GB2332841A - Speech communication systems

Info

Publication number: GB2332841A
Application number: GB9727179A
Authority: GB
Inventors: Howard Thomas
Original assignee: Motorola Ltd
Current assignee: Motorola Solutions UK Ltd
Priority date: 1997-12-24
Filing date: 1997-12-24
Publication date: 1999-06-30
Anticipated expiration: 2017-12-24
Also published as: GB9727179D0; GB2332841B

Abstract

Apparatus for compressing a voice message prior to radio transmission includes a speech recogniser 3 and a comparator 6 for identifying those words which are redundant to the meaning of the message and eliminating them from the transmitted signal. Alternatively longer words may be replaced with shorter synonyms. A syntax extractor 4, produces an error check signal which is received at the receiver to verify the accuracy of the received message and for relaying this back to the transmitter. The speech recogniser 3 compares each word of a digital bit stream from encoder 1 with stored templates and recognised words are compared at 6 with templates of redundant words stored at 7. The compressed word chain from comparator 6 along with the output of syntax extractor 4 are modulated at 8 and transmitted. In the receiver (fig.2 not shown), the received signal is demodulated and decoded for reconstruction as speech.

Description

SPEECH COMMUNICATION SYSTEMS This invention relates to digital communication systems and particularly to the transmission and reception of voice data over an air interface.

In a typical digital radio communication system, there are components that digitally encode and decode speech for communication over radio frequencies. For example, in the GSM (Global System for Mobile Communications) a speech transcoder provides the encoding and decoding ability in one component and is sometimes referred to as a speech codec.

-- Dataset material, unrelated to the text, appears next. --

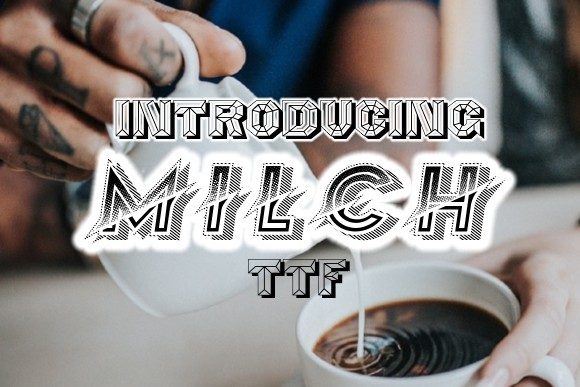 Milch: Elevating Design with a Sharp, 3D Display Font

Speech encoders are designed to utilise techniques which exploit the redundancy in the speech signal in order to reduce the number of bits required to represent the speech signal. This is an important consideration when large quantities of speech are to be held in storage media (such as a voice mail system) or when a limited bandwidth is available to transmit the speech signal over a telecommunications channel.

The present invention aims to provide a more efficient means for transmission of voice messages than is presently possible using known techniques. This is achieved by extracting the essential meaning of a voiced message or spoken text and rejecting any redundant information prior to transmission.

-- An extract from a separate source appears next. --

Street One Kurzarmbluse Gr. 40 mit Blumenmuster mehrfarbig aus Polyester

Accordingly, the invention comprises, in a first aspect, voice message transmission apparatus including: means for digitising an input analogue speech signal comprising the voice message to produce a first digital output signal representing a string of words, means for recognising individual words comprising said string of words, and means for eliminating from said string of words those words which are redundant to the meaning of the voice message to produce a second digital output signal representing a modified string of words.

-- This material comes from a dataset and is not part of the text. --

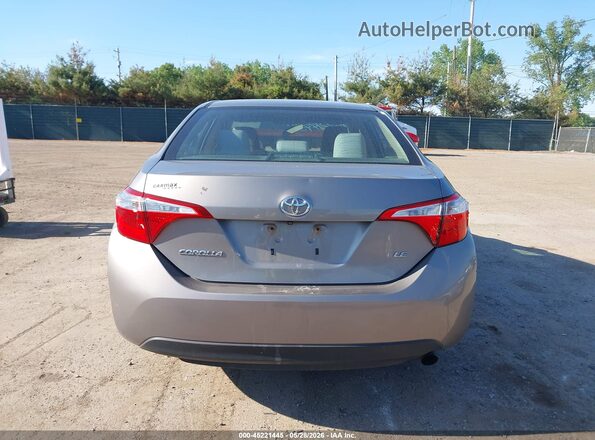 2T1BURHE5GC608372 2016 TOYOTA COROLLA Silver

In one embodiment, the apparatus further includes means for modulating onto a carrier said second digital output signal for onward transmission.

Thus, the invention has the advantage that the information content of a voice message can be described and transmitted in a highly compressed manner with a high degree of redundancy being removed from any spoken text.

By this means, the efficiency of transmission of a voice message is greatly enhanced. This contributes to a reduced call-time (or air time in the case of radio communications) and a consequent cost saving. It also lessens the power requirements on transmission and receiving equipment.

The means for digitising an input analogue speech signal may comprise any suitable known speech encoder which, for example, utilises the well-known two-stage process of sampling and quantisisation (ie pulsecode modulation). Codecs which utilise a non-linear quantisation process or devices which employ adaptive quantisation or differential quantisation, for example, are equally suitable.

The above-mentioned speech encoders all operate directly on the time domain speech signal. Also suitable are other known devices which operate by encoding a modified or transformed version of the speech signal, for example, linear predictive coders.

The number of bits used for encoding the speech signal may be chosen to be greater for those words which are essential to the meaning of the voice message than those which are not. These essential words would then be less effected by transmission errors or corruption.

The means for recognising individual words may comprise any suitable speech recogniser. Devices which utilise dynamic time warping or hidden Markov modelling, for example, are equally suitable. Such devices operate a pattern matching process by comparing a processed signal comprising the input word with stored word patterns.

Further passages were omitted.